By the* Court,
Nelson, Ch. J.The counsel for the plaintiff in error seeks to distinguish this case from numerous others in this court which determine that a breach of the covenant of warranty can be proved only by an eviction in due course of law,(a) on the ground that the issue here joined does not call for any such proof. The plea avers title in Seymour at the time of the execution of the lease, which is not denied ; it also avers that, by virtue of such title, he took possession of the premises, and lawfully prevented the lessee from the enjoyment of them: this is denied by the replication.

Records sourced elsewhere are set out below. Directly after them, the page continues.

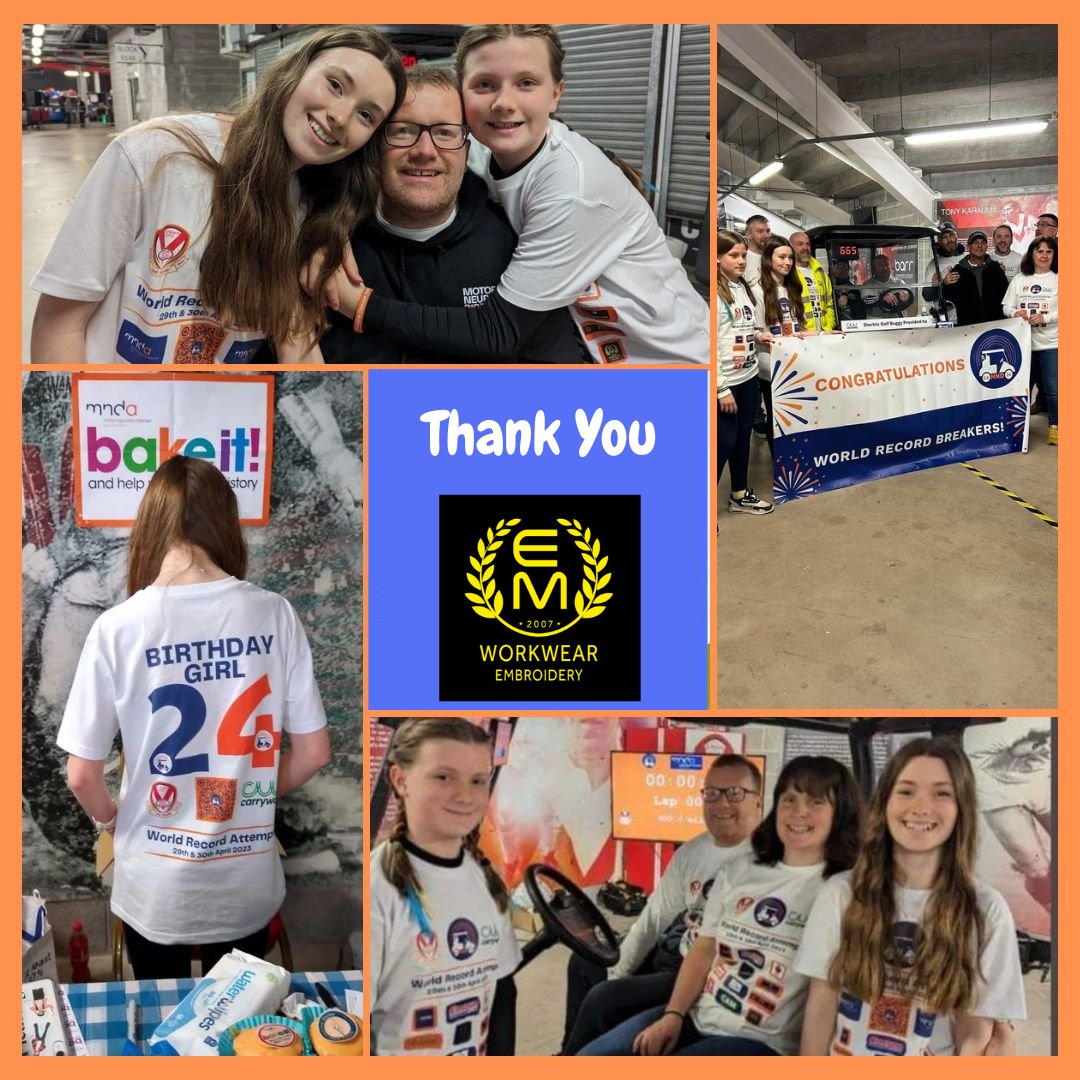 Late design tweaks, very last minute changes to the numbers and sizes - all on top of already tight timescale - EM Workwear &amp; Embroidery delivered big time 💙🧡

Everybody loved the tshirts and they looked amazing. Thank you to everyone involved 💙🧡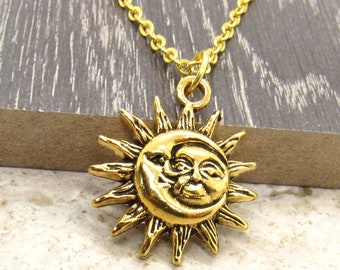Sun Burst with Crescent Moon Pendant Necklace, Gold Celestial Pendant, Men's Necklace,  Woman's Necklace, Celestial Jewelry
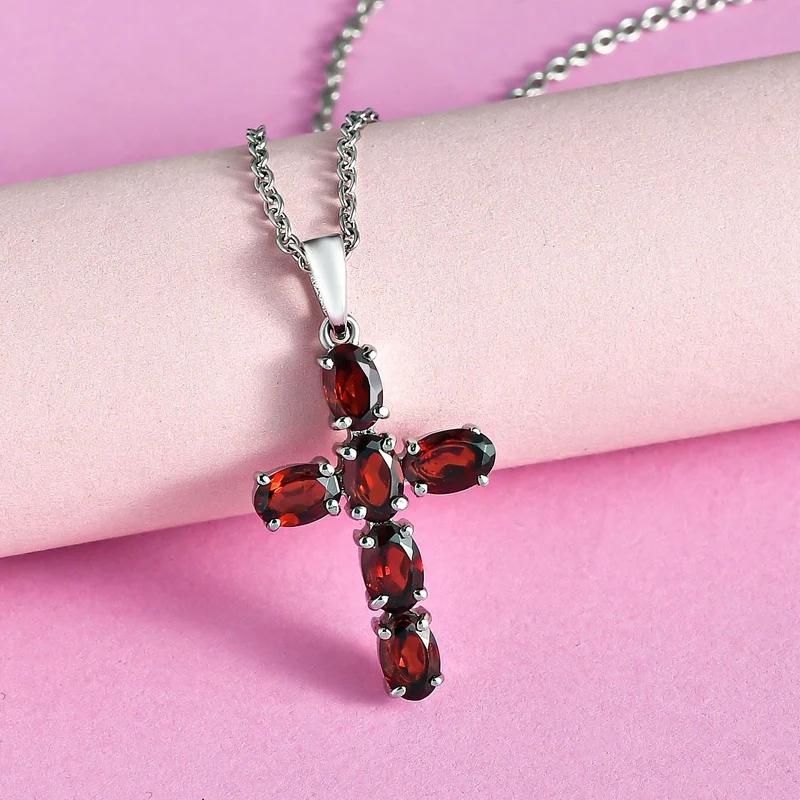 Roter Granat Kreuz-Anhänger, Edelstahl ca. 3.36 ct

It is said, that inasmuch as the plea does not aver that the tenant was evicted by legal proceedings, proof of that character was not required by the issue; that the evidence as given clearly established the right of Seymour to the possession as against the lessor at the time of the execution of the lease, and that the subsequent entry of the former fully made out the issue in favor of the defendants, namely, that the tenant was in fact lawfully prevented from the enjoyment of the premises during his term.
But the argument is founded rather upon a criticism of the words and particular phraseology of the issue, than upon a sound legal interpretation of its meaning as a whole. The question is not, whether the plea is drawn in the technical and scientific language of a good pleader according to established precedents—because, where no demurrer is interposed, such accuracy and precision are not expected or exacted in justices’ courts (b)—but what is the good sense and fair import of it, construed with reference to the known legal principles at which it obviously enough aimed. In this respect, we cannot help seeing that it is an in*507formal, untechnical plea of a legal eviction of the tenant by Seymour under paramount title; and extending to it, therefore, the liberality with which pleadings before justices are viewed, the court below were right in so regarding it, and trying the issue accordingly. If the court had excluded evidence of a legal eviction offered by the defendant under this issue, on the ground that it was not sufficiently comprehensive to embrace the proof, the decision would have been erroneous, and a new trial must have been granted. Besides, the defendants would have gained nothing if they had succeeded in the views urged as to the nature of the issue; for it would then have been altogether immaterial, and the plaintiff entitled to the judgment notwithstanding the verdict. If the plea meant simply that Seymour entered forcibly upon the tenant, and dispossessed him by virtue of his better title, or that the tenant surrendered upon ascertaining that A was paramount, then the issue presented no legal defence to the payment of the rent; and had it been admitted, still the court would have been bound to render judgment in favor of the plaintiff upon the whole record. (The People v. Haddock, 12 Wend. 475. Tidd, 830.)
Judgment affirmed.
а) See Lansing v. Van Alstyne, (2 Wend. 563, 565, note;) Webb v. Alexander, (7 Wend. 281, 285.)
Parties may, however, by demurrer, insist upon the same strictness in regard to pleadings in justices’ courts as are exacted in other courts. (Van Hoesen v. Van Alstyne, 3 Wend. 78. Stone v. Case, 12 id. 283.)